State v. Mowery

176 S.E. 851 | W. Va. | 1934

Defendant was granted a writ of error to a judgment of the circuit court of Pendleton County, on a verdict of guilty, returned on an indictment charging him with having "unlawfully and feloniously" assaulted Neufer Eye.

Our statute, Code 1931, 61-2-9, creates two felony offenses — malicious assault and unlawful assault. In respect of unlawful assault, the said section 9 provides that *446 if any person shoot, stab, cut or wound any person, or by any means cause him bodily injury, and "such act be done unlawfully, but not maliciously," with intent to maim, disfigure, disable or kill, "the offender shall be guilty of a felony, and, upon conviction, shall, in the discretion of the court, either be confined in the penitentiary not less than one nor more than five years, or be confined in jail not exceeding twelve months, and fined not exceeding five hundred dollars." If any of the acts just enumerated be accompanied by malice, the offense is malicious assault. The latter carries a much severer punishment.
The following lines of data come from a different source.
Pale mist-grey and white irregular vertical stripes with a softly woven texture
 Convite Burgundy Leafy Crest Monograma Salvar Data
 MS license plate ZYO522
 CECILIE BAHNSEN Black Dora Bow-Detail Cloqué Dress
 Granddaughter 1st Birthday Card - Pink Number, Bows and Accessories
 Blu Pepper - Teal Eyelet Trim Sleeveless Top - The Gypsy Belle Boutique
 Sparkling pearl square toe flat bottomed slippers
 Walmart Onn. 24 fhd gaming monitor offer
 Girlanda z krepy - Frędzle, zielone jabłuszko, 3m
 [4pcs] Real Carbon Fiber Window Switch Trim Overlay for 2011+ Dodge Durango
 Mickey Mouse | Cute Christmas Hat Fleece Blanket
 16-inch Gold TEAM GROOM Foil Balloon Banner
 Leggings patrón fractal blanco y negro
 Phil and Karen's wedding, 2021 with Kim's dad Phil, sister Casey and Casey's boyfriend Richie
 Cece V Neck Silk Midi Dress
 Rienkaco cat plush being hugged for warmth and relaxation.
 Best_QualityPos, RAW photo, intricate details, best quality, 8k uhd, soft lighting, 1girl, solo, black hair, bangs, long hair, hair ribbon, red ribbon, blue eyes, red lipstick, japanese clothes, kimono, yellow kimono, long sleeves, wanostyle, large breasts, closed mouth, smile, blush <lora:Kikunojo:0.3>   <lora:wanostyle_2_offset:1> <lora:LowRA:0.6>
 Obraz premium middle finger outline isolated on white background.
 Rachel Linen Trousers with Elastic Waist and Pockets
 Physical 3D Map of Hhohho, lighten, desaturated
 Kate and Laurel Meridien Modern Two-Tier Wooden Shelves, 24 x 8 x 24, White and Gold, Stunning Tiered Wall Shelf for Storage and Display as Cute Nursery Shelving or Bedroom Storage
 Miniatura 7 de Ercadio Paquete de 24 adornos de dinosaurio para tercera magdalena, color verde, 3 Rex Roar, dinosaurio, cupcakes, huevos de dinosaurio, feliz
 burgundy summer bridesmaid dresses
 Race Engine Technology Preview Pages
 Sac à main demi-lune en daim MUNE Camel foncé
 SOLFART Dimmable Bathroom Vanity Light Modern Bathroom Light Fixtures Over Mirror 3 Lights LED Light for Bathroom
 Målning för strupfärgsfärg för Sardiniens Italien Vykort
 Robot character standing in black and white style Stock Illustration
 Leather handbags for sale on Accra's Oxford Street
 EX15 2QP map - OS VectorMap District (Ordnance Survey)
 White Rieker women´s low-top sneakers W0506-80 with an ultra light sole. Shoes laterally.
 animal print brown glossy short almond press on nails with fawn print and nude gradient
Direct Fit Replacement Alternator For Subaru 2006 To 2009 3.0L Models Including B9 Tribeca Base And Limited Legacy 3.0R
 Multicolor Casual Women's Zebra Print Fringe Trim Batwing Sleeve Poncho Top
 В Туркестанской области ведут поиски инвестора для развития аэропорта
The indictment in the case at bar, after alleging the act to have been committed "unlawfully and feloniously", omits the words "but not maliciously". Defendant contends that this omission renders the indictment insufficient and ineffectual upon which to base a conviction of unlawful assault, and therefore his motion to quash the indictment should have been sustained.

Ordinarily, in charging a statutory offense, the indictment or information sufficiently lays the charge, "if it adopts and follows the language of the statute or is in language substantially equivalent thereto, if the defendant is thereby apprised of the particular offense charged, and the court is enabled to see therefrom on what statute the charge is founded." 14 Ruling Case Law, p. 185. Consult State v. Nazel,109 W. Va. 617, 156 S.E. 45. The words "but not maliciously" as used in Code 1931, 61-2-9, in no way add to the description of the offense, nor are they an integral part thereof, and being unnecessary to establish the offense laid in the indictment, need not be alleged. The offense here involved is an unlawful assault with intent as set forth in the statute. Such is the charge laid in the indictment. The intent is the essence and gist of the crime. State v. Meadows, 18 W. Va. 658. A negation that the assault was done maliciously possibly would further vivify the charge but would particularize no element of the offense not already sufficiently laid in the indictment. "All allegations, unnecessary to be proved, may be omitted in any indictment or other *447 accusation." Code 1931, 62-2-9. And where such provision as is here under consideration is not essential to a description of the offense charged, but merely emphasizes or accentuates the same, it need not be negatived. 31 Corpus Juris, p. 725. Cf.State v. Holmes, (Del.) 55 A. 343. Such situation is to be distinguished from one wherein the negation constitutes an essential element of the offense, as, for example, the carrying of dangerous weapons without a state license therefor.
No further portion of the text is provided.